Gold has been a strong performer in 2024, up nearly 14%. Geopolitical concerns have contributed to its strength as investors seek a safe haven. Bitcoin may be another area investors consider as geopolitical events develop. The alternative asset is up nearly 40% year-to-date to $61,000. Retail investors' enthusiasm for stocks is making a comeback. AMC Entertainment and GameStop experienced volatility similar to the pandemic-era madness. AMC used the opportunity to raise equity capital desperately needed to pay down pre-pandemic debt. The company took on significant debt to make several acquisitions prior to the economic impacts of the COVID-19 pandemic. Anticipation of falling interest rates and continued economic growth appears to be encouraging speculators off the sidelines.

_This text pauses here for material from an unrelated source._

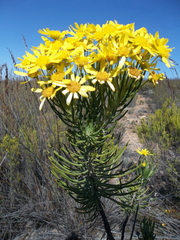 Euryops rehmannii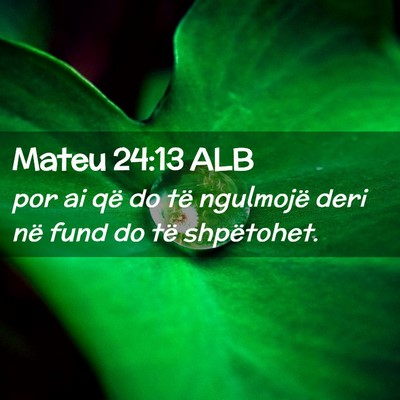 Picture 02 - Mateu 24:13 ALB - por ai që do të ngulmojë deri në fund do të - Bible Verse Picture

The S&P 500's price-to-earnings ratio continues to trade at a premium to historical valuations. According to FactSet, the index's forward P/E is 20.4, nearly 15% higher than the ten-year average of 17.8. Analysts expect 11% earnings growth in 2024, followed by 14% growth in 2025. Investors might consider comparing the current dividend yield versus historical averages to evaluate the attractiveness of the index. The strong performance of the S&P 500 has pushed the dividend yield lower, currently around 1.4%. This is down from 1.8% in October 2022 and lower than the 2% or more experienced during most of the 2010s. If earnings are as robust as analysts expect in the next few years, dividend increases will likely follow.
Small and medium-sized companies continue to trade at a discount to their historical averages and well below large companies. Stock pickers can still find bargains looking beyond the largest top 10 companies. The challenge with investing is the past is history. We must navigate the unknown future. Owning solid companies at fair valuations remains the best way to make money reliably over time.